• _How to complete this task_: Reproduce the records that follow exactly; any picture among them stays out.

• _Supplied entries_:

================================

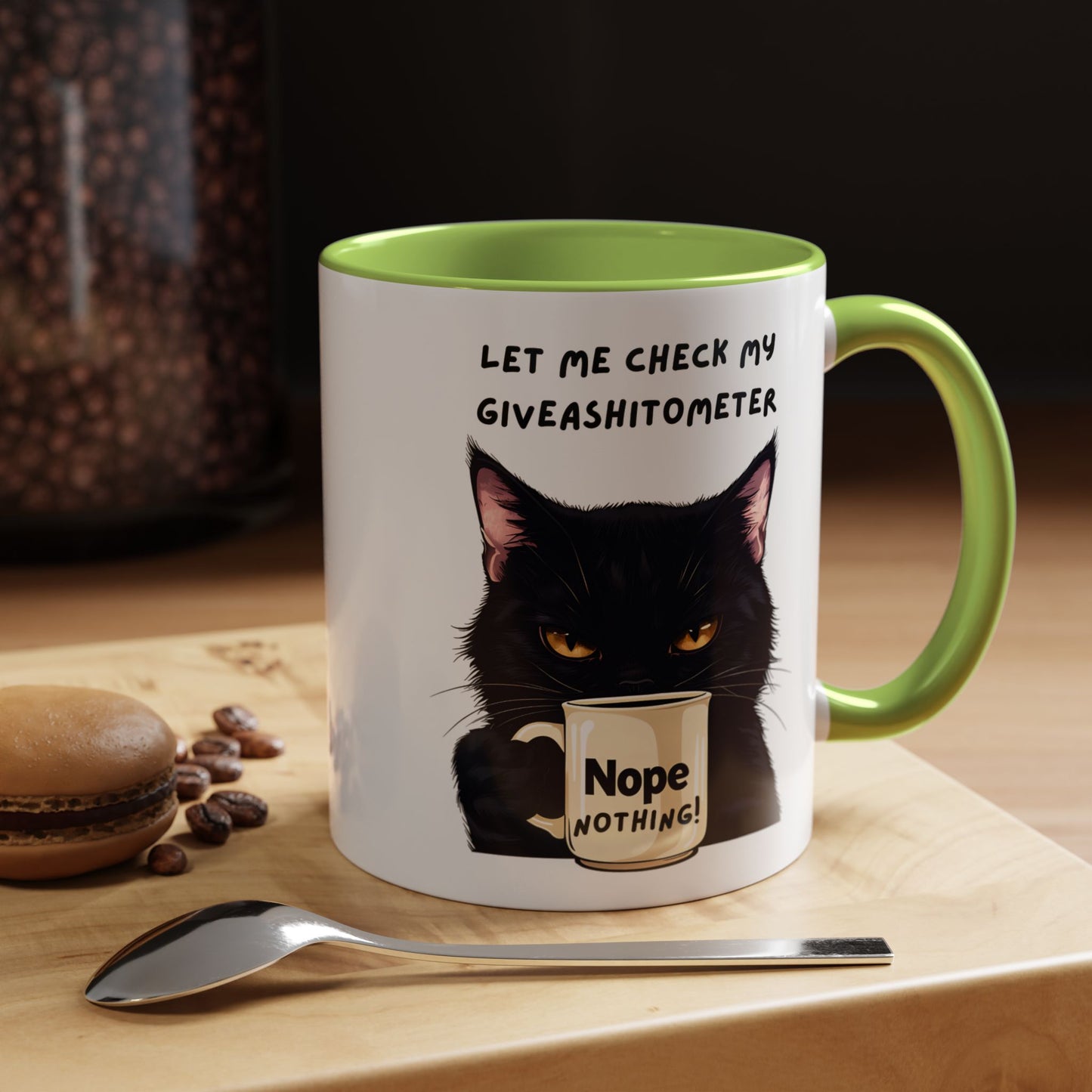 Coffee Mug - Black Cat "Let Me Check My Giveashitometer" Nope Nothing!  Funny 11/15 oz Mug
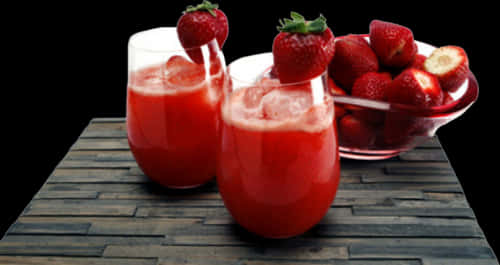 Strawberry Drinksand Fresh Fruit PNG Image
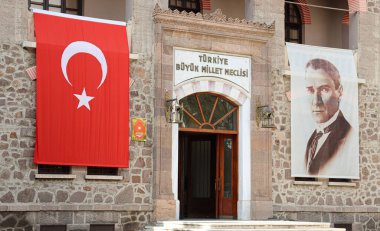 Tbmm. The entrance to the former Turkish Grand National Assembly building.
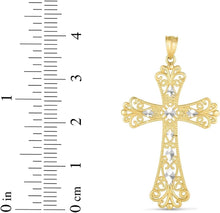 Load image into Gallery viewer, 14k Yellow Gold 1.3&quot; Filigree Openwork Two-Tone Lozenge Cross Charm Pendant with optional Adjustable Chain Necklace
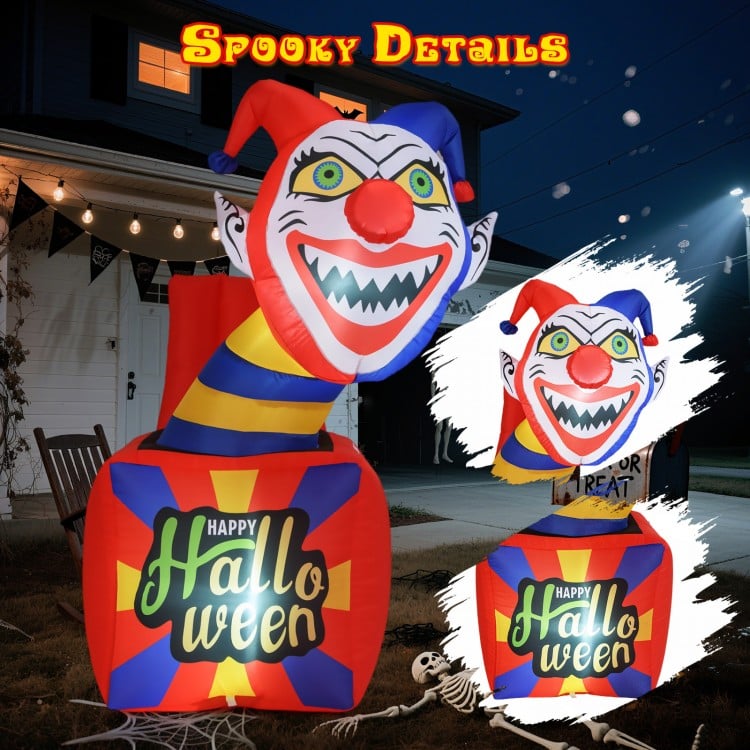 6 Ft Halloween Inflatable Clown with LED Lights for Indoor Outdoor Porch
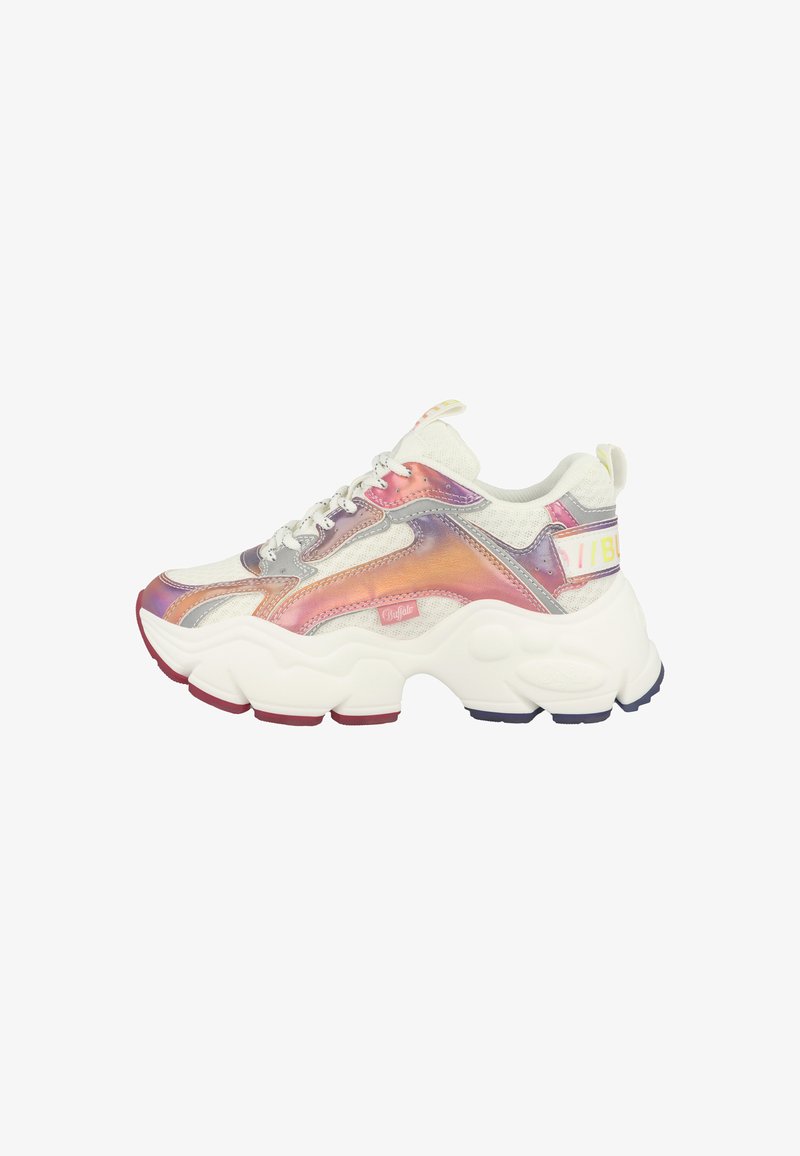 Chunky white sneaker with iridescent pink and purple panels, thick textured sole, white laces, and pull tabs on tongue and heel.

================================

• _Written answer_:
 Coffee Mug - Black Cat "Let Me Check My Giveashitometer" Nope Nothing!  Funny 11/15 oz Mug
 Strawberry Drinksand Fresh Fruit PNG Image
 Tbmm. The entrance to the former Turkish Grand National Assembly building.
 Load image into Gallery viewer, 14k Yellow Gold 1.3&quot; Filigree Openwork Two-Tone Lozenge Cross Charm Pendant with optional Adjustable Chain Necklace
 6 Ft Halloween Inflatable Clown with LED Lights for Indoor Outdoor Porch
 Chunky white sneaker with iridescent pink and purple panels, thick textured sole, white laces, and pull tabs on tongue and heel.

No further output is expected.